§ **Task to carry out**: Exactly transcribe the span of lines from the one containing "Silver Cevsen Prayer Cylinder Necklace" through the final line of the entries, inclusive, and nothing outside it. Exclude the pictures.

§ **Raw data**:
▽
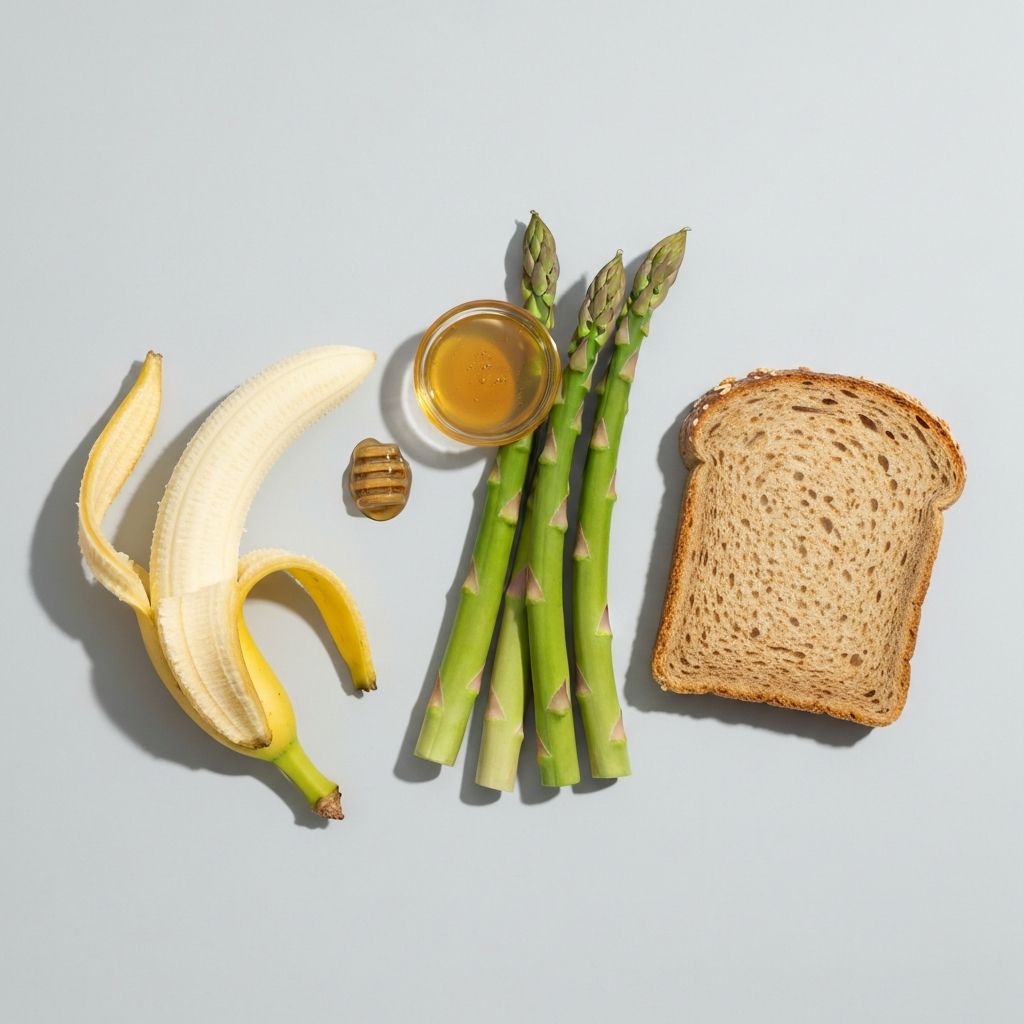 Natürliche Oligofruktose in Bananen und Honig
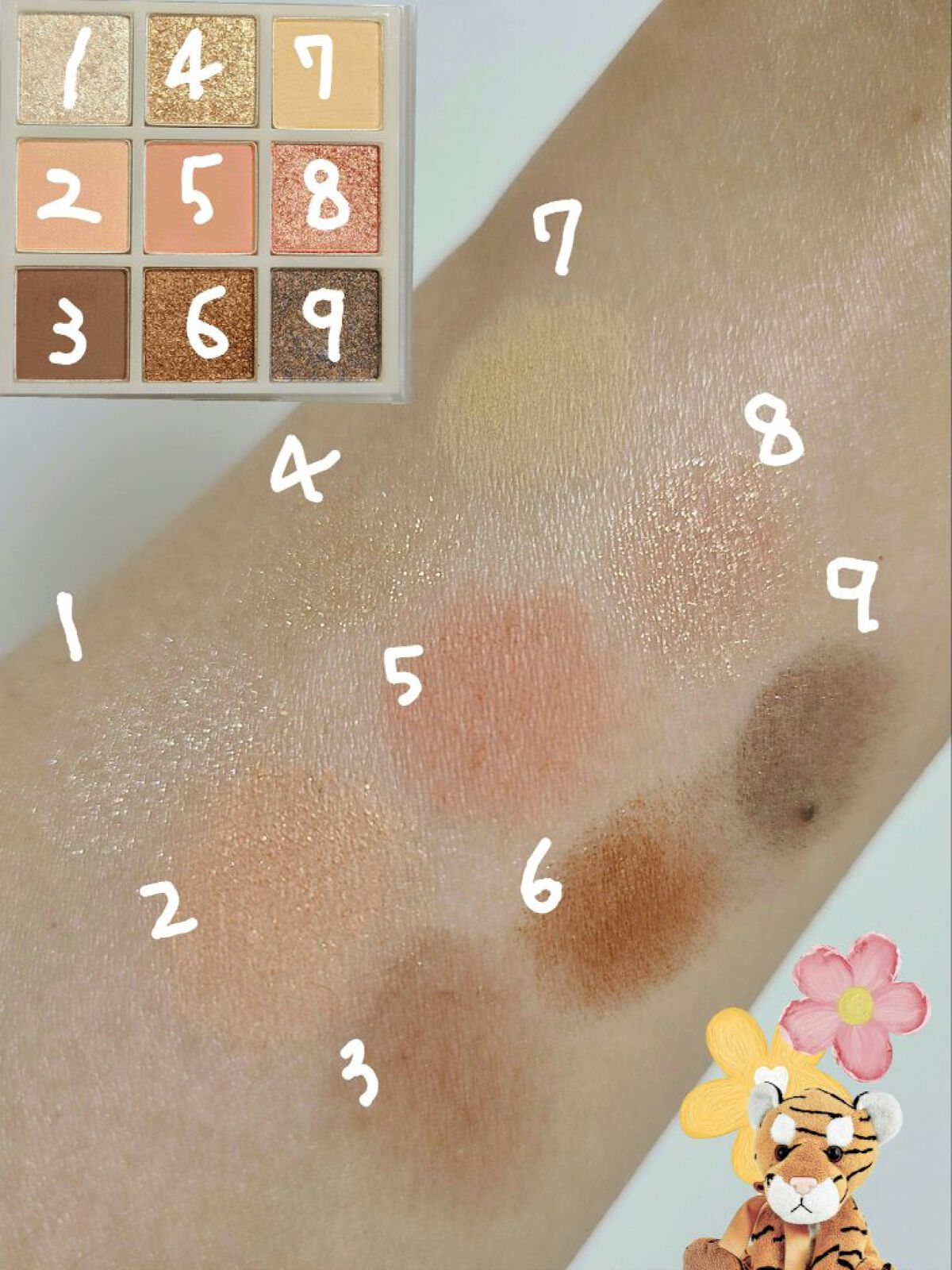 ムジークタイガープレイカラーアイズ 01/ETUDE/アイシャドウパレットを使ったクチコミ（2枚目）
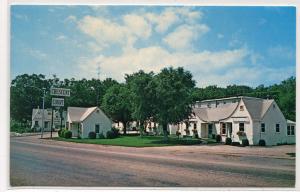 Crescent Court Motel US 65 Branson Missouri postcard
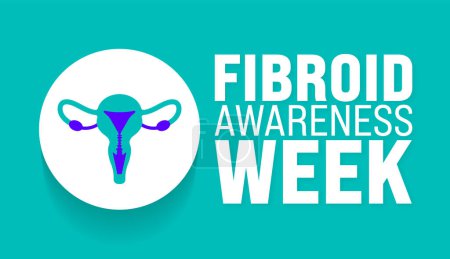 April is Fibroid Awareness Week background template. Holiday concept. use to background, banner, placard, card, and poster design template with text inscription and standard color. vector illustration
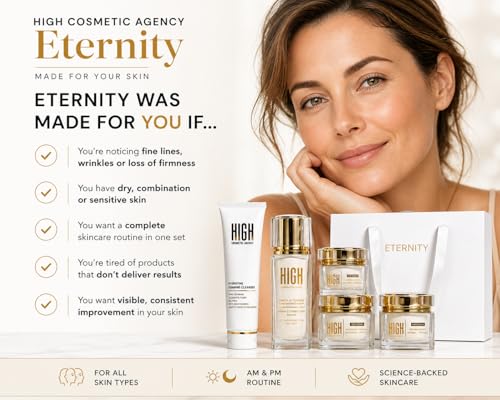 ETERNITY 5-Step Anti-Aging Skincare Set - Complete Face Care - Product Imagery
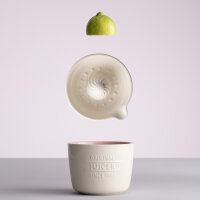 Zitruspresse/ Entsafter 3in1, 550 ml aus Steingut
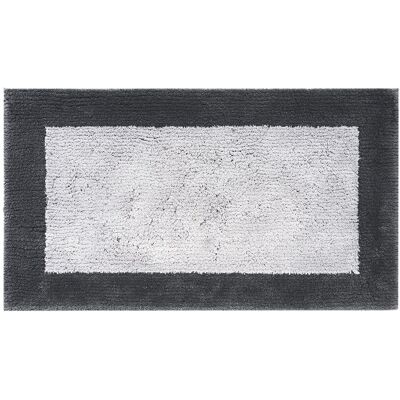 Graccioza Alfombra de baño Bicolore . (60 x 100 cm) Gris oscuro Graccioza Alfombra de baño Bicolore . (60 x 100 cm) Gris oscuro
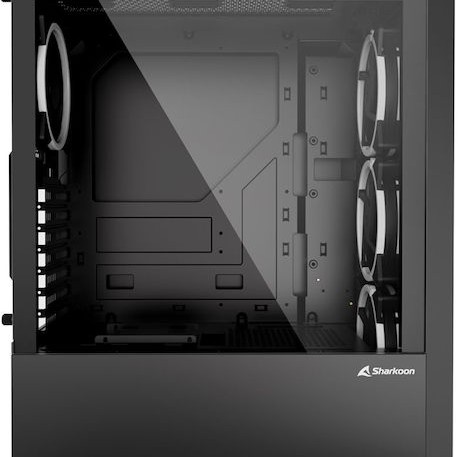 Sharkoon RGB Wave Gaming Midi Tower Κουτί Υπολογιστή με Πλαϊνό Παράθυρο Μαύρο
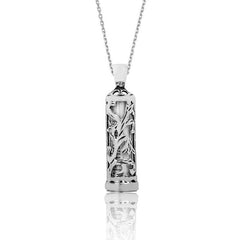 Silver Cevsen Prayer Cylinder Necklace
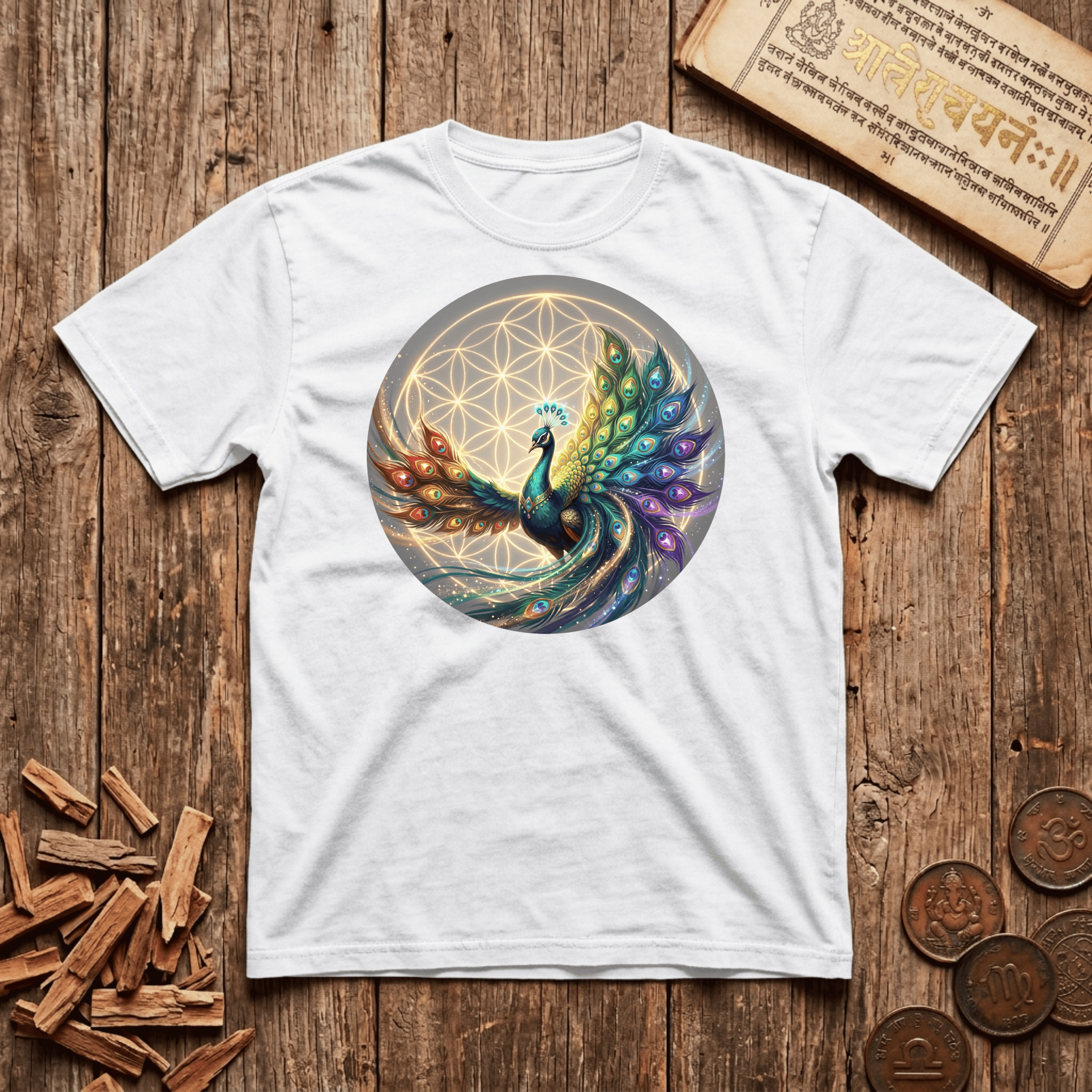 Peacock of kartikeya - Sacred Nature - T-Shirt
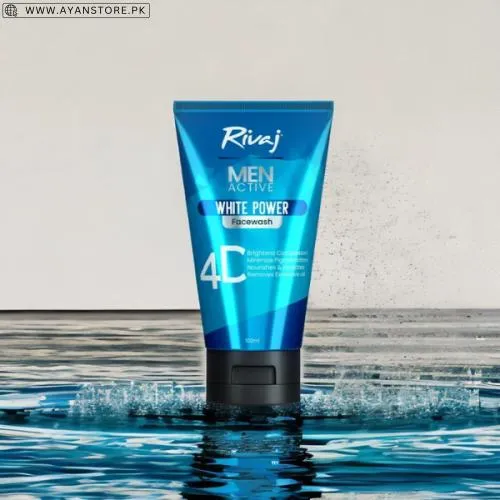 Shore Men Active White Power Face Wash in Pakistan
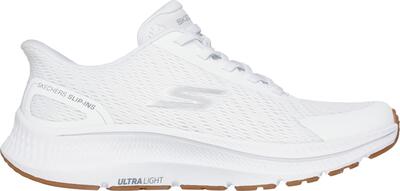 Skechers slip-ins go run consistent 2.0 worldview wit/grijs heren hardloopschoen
△
§ **Reply to the exercise**:
 Silver Cevsen Prayer Cylinder Necklace
 Peacock of kartikeya - Sacred Nature - T-Shirt
 Shore Men Active White Power Face Wash in Pakistan
 Skechers slip-ins go run consistent 2.0 worldview wit/grijs heren hardloopschoen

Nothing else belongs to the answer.